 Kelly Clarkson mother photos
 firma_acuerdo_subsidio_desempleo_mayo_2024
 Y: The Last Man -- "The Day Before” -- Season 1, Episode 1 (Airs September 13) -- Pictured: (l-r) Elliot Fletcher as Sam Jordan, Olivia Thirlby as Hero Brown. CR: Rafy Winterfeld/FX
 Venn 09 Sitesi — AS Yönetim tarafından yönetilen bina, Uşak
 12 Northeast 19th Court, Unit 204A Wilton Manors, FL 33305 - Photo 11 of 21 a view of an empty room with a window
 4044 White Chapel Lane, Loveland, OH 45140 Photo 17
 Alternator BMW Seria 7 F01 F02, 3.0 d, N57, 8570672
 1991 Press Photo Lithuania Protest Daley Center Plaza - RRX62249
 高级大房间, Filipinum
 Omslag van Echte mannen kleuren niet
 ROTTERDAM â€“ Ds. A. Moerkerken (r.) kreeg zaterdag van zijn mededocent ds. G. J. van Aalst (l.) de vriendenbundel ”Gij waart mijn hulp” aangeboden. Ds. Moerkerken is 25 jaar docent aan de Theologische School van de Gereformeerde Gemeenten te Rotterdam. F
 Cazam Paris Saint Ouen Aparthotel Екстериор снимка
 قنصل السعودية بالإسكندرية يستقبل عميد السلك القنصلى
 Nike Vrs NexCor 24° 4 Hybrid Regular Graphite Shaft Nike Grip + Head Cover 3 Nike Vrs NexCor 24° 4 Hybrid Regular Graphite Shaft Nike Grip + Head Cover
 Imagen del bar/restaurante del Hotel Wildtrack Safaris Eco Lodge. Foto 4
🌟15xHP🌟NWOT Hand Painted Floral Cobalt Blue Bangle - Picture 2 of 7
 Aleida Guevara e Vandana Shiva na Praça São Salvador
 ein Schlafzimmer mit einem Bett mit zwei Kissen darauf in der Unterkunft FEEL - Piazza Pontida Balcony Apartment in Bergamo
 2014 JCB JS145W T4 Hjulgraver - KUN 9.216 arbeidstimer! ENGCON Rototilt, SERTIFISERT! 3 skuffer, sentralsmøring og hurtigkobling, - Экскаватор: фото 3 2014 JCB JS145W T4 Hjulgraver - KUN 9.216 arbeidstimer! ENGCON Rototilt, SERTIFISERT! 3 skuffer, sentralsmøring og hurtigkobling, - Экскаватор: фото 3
**********
◆ Task objective
Reproduce the entries above in full and exactly.

◆ Solution to the exercise
 Kelly Clarkson mother photos
 firma_acuerdo_subsidio_desempleo_mayo_2024
 Y: The Last Man -- "The Day Before” -- Season 1, Episode 1 (Airs September 13) -- Pictured: (l-r) Elliot Fletcher as Sam Jordan, Olivia Thirlby as Hero Brown. CR: Rafy Winterfeld/FX
 Venn 09 Sitesi — AS Yönetim tarafından yönetilen bina, Uşak
 12 Northeast 19th Court, Unit 204A Wilton Manors, FL 33305 - Photo 11 of 21 a view of an empty room with a window
 4044 White Chapel Lane, Loveland, OH 45140 Photo 17
 Alternator BMW Seria 7 F01 F02, 3.0 d, N57, 8570672
 1991 Press Photo Lithuania Protest Daley Center Plaza - RRX62249
 高级大房间, Filipinum
 Omslag van Echte mannen kleuren niet
 ROTTERDAM â€“ Ds. A. Moerkerken (r.) kreeg zaterdag van zijn mededocent ds. G. J. van Aalst (l.) de vriendenbundel ”Gij waart mijn hulp” aangeboden. Ds. Moerkerken is 25 jaar docent aan de Theologische School van de Gereformeerde Gemeenten te Rotterdam. F
 Cazam Paris Saint Ouen Aparthotel Екстериор снимка
 قنصل السعودية بالإسكندرية يستقبل عميد السلك القنصلى
 Nike Vrs NexCor 24° 4 Hybrid Regular Graphite Shaft Nike Grip + Head Cover 3 Nike Vrs NexCor 24° 4 Hybrid Regular Graphite Shaft Nike Grip + Head Cover
 Imagen del bar/restaurante del Hotel Wildtrack Safaris Eco Lodge. Foto 4
🌟15xHP🌟NWOT Hand Painted Floral Cobalt Blue Bangle - Picture 2 of 7
 Aleida Guevara e Vandana Shiva na Praça São Salvador
 ein Schlafzimmer mit einem Bett mit zwei Kissen darauf in der Unterkunft FEEL - Piazza Pontida Balcony Apartment in Bergamo
 2014 JCB JS145W T4 Hjulgraver - KUN 9.216 arbeidstimer! ENGCON Rototilt, SERTIFISERT! 3 skuffer, sentralsmøring og hurtigkobling, - Экскаватор: фото 3 2014 JCB JS145W T4 Hjulgraver - KUN 9.216 arbeidstimer! ENGCON Rototilt, SERTIFISERT! 3 skuffer, sentralsmøring og hurtigkobling, - Экскаватор: фото 3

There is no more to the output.